Ireland’s anti-poverty strategy

Remember a few years ago when Ireland was the talk of the chattering classes seeking to get big corporate tax cuts (they succeeded). Left unsaid at the time was that Ireland was the beneficiary of billions of euros in transfers in support of infrastructure, and that Ireland itself invested heavily in its education system (including free post-secondary education), and that Ireland was attractive as an investment location for US multinationals because they spoke English, worked relatively cheaply and were an appealing base to serve the European market.

What I did not know was about Ireland’s anti-poverty efforts. Here is today’s Toronto Star on Ireland’s strategy, and the need for a Canadian one:

What the poor need: A strategy
Ireland dramatically reduced its poverty rate, so why can’t rich Canada do the same?
Sep. 20, 2006

LAURIE MONSEBRAATEN
When Ireland decided in the mid-1990s to tackle the pervasive and grinding poverty dogging the country, the national government crafted a plan and set a goal.

Ten years later, the country has cut its poverty rate from 15 per cent to less than 5 per cent.

That kind of action has been missing in Canada where the poverty rate has been stuck at 16 per cent for a generation, says John Anderson of the federally mandated National Council of Welfare.
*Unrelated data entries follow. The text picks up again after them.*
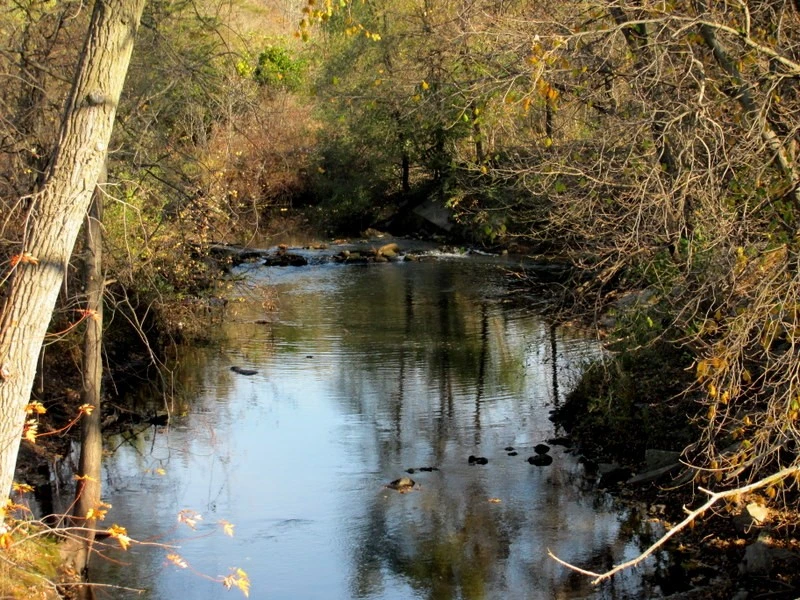 stream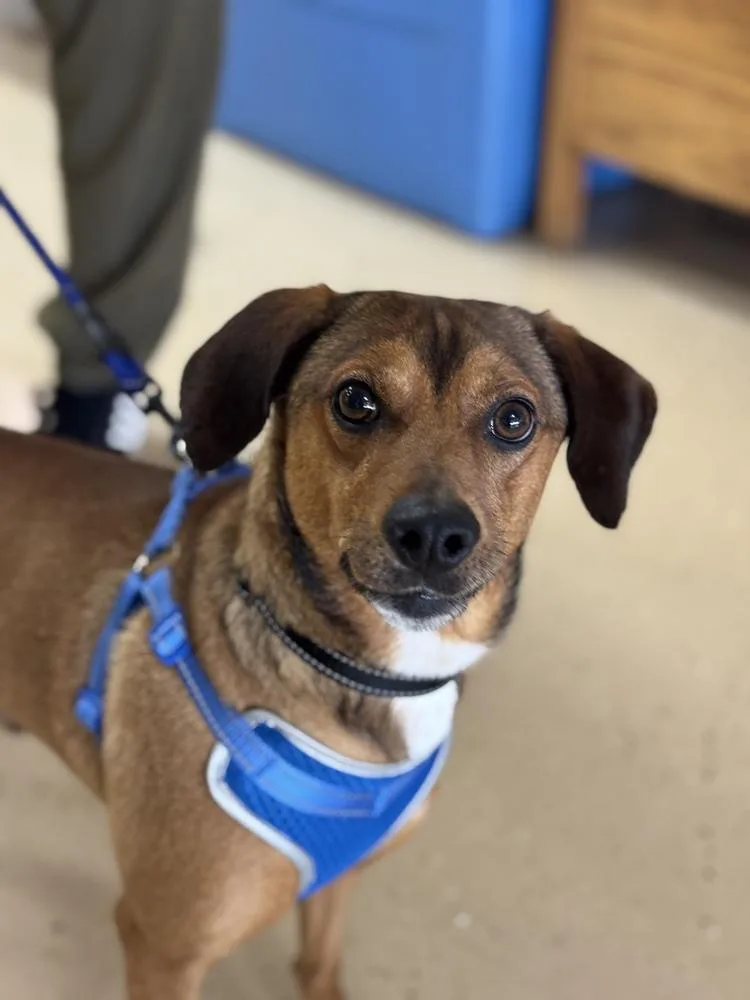 An adult medium-sized male Brown / Chocolate Feist dog named Waylon for adoption in Mundelein, IL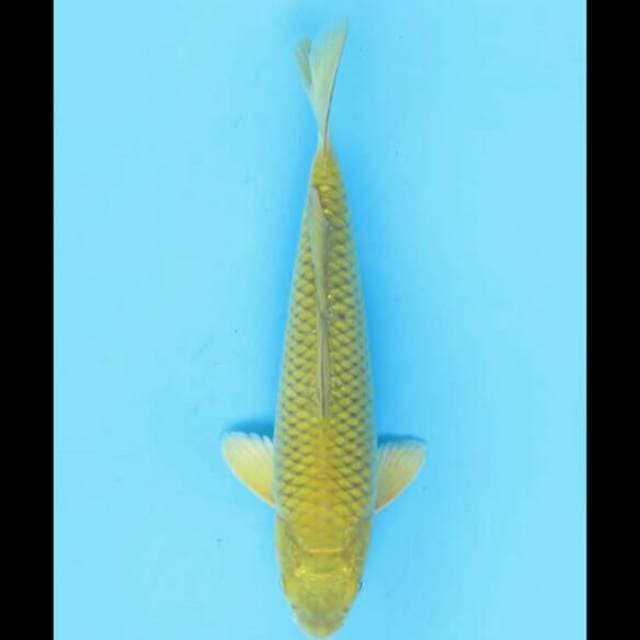 23cm Male - Midorigoi 1 Bersih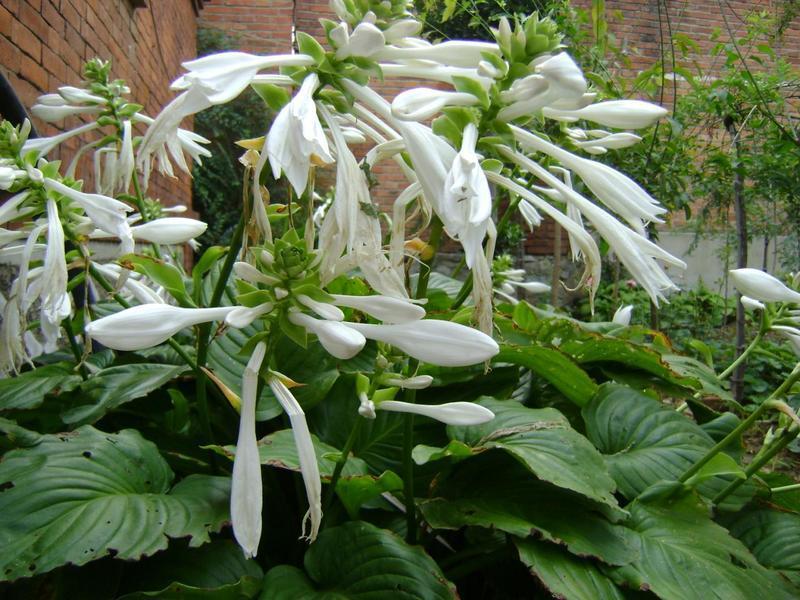 玉簪花(百合科植物)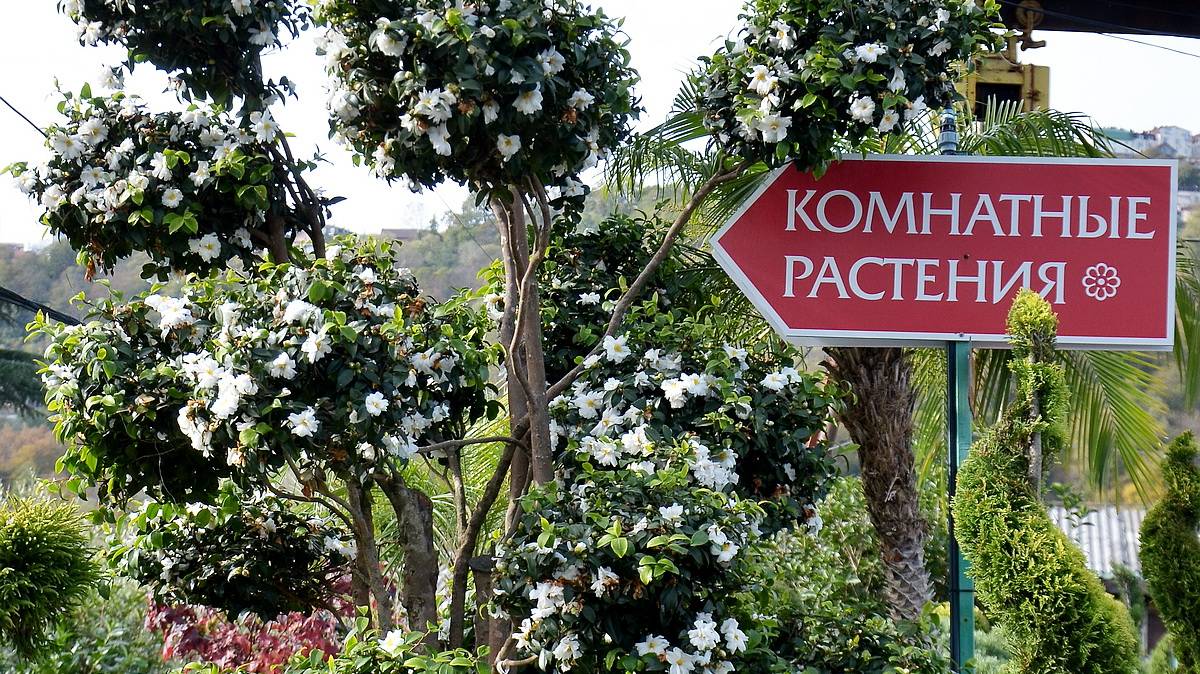 Акция! Скидка 20-25% на комнатные растения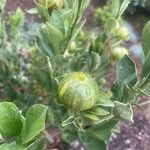 Calamondin variegadoफल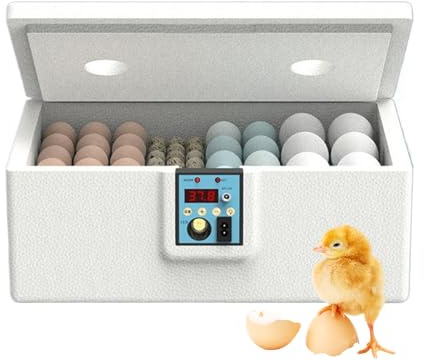 Incubadora Huevos Gallina Automatica Profesional, Incubadora para Huevos De Gallina Capacidad 10-25 Unidades, Criadora Avícola Inteligente con Volteo para Uso En Laboratorios Y Aulas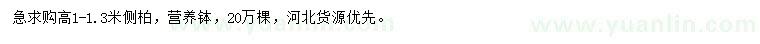 求購高1-1.3米側(cè)柏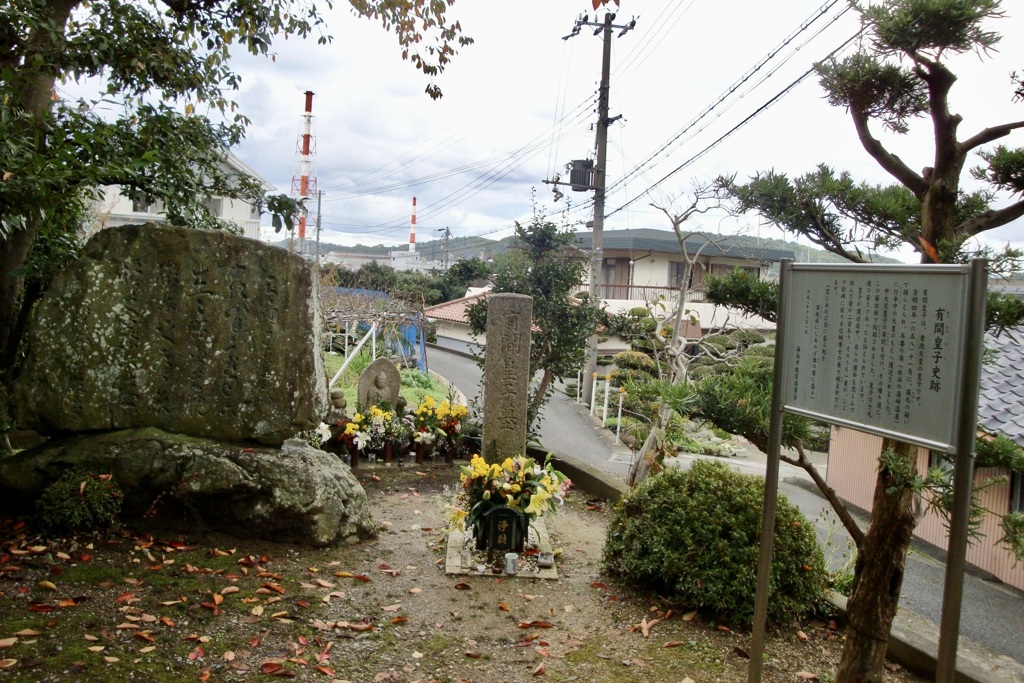 20091114海南市04
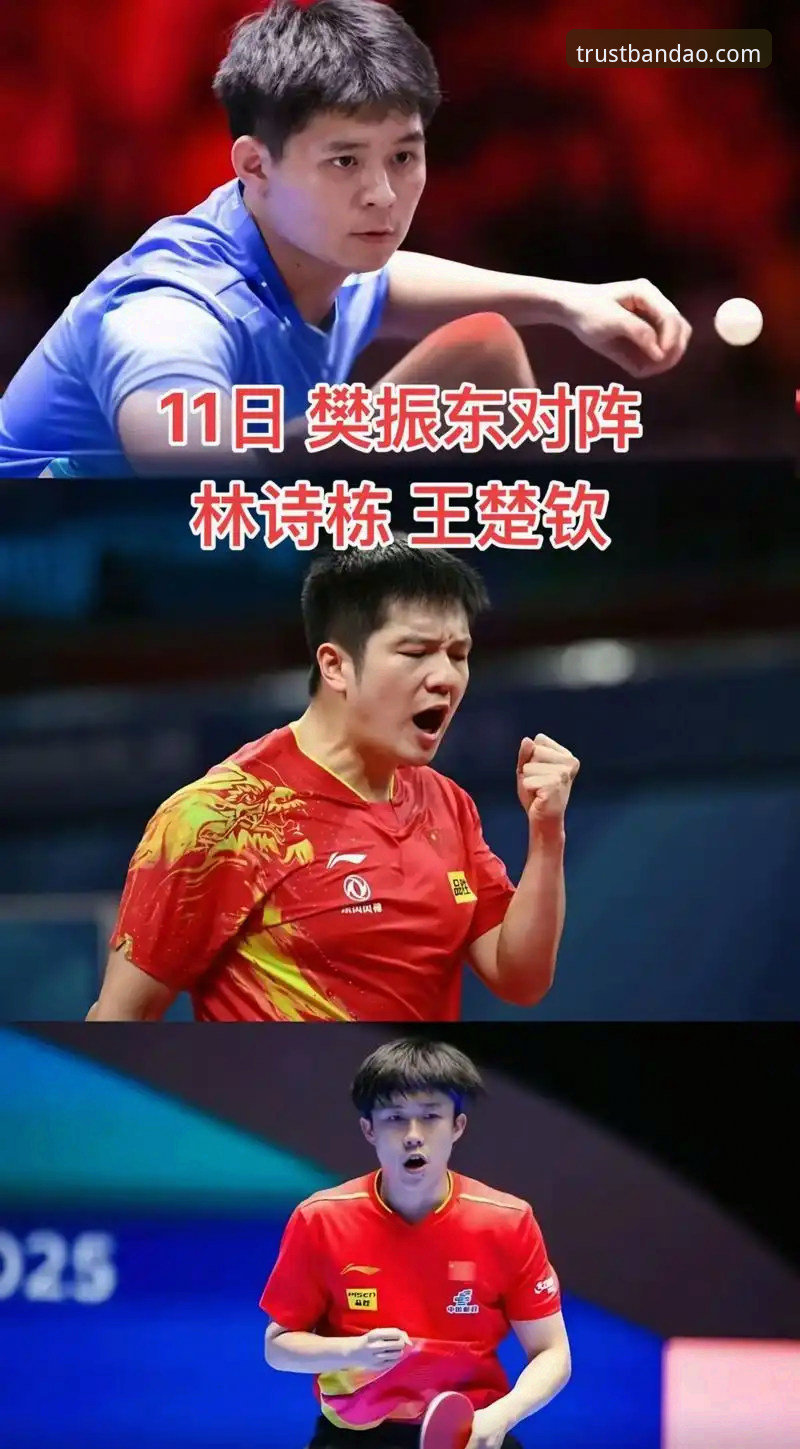 半岛体育苹果版 世乒赛男团小组赛深度评测:中国男乒三将表现全解析,林诗栋应变能力获高分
If provinces like Quebec and Newfoundland can develop detailed strategies for poverty reduction and deadlines to meet them, surely Ottawa can play a role, he reasons.

… The Irish plan took minimum wage earners off the income- tax rolls and pumped more money into training, especially for newcomers and transient workers. It increased welfare payments for those between jobs or unable to work. It beefed up support for drug cards, child care, subsidized housing, transportation and heat. And it targeted economically depressed communities for government investment.The multifaceted approach was so successful the country of 4 million reached its 10-year target of cutting “consistent poverty” in half within five years.

Since 2001, the Irish government has adopted action plans every two years to update the effort. Its most recent plan calls for cutting poverty to below 2 per cent by next year.

In Canada, despite the House of Commons’ 1989 all-party resolution to eliminate child poverty by 2000 and a raft of federal and provincial initiatives to overhaul employment insurance, welfare and child benefits, one in six is still poor, according to the welfare council.

As the Canadian experience shows, a scatter-gun approach to poverty reduction doesn’t work. That’s why the council, an advisory body to the human resources minister, is calling on Ottawa to draft a national anti-poverty strategy with clear goals and funding to meet them.

Note that the story continues beyond what’s here to talk about efforts in Quebec and Newfoundland to fight poverty, and on the sidebar of the story there are links to a few related stories (a series on poverty this week).

A truly national strategy is required. That means that the feds need to get into the game to prevent the prisonner’s dilemma situations provinces find themselves facing when going it alone. Restoring a national housing strategy to fund the creation of new affordable housing is much needed since the feds pulled the plug in 1993. Bringing social assistance into the federal income support fold would be an improvement, as would a national pharmacare plan and a national early learning and child care program.

These would all cost money, a lot of which has been squandered by the Tories, so revisiting things like the GST cut and those family allowance cheques would be in order. If you are interested in how much these various items cost, I direct you to the CCPA’s Alternative Federal Budget.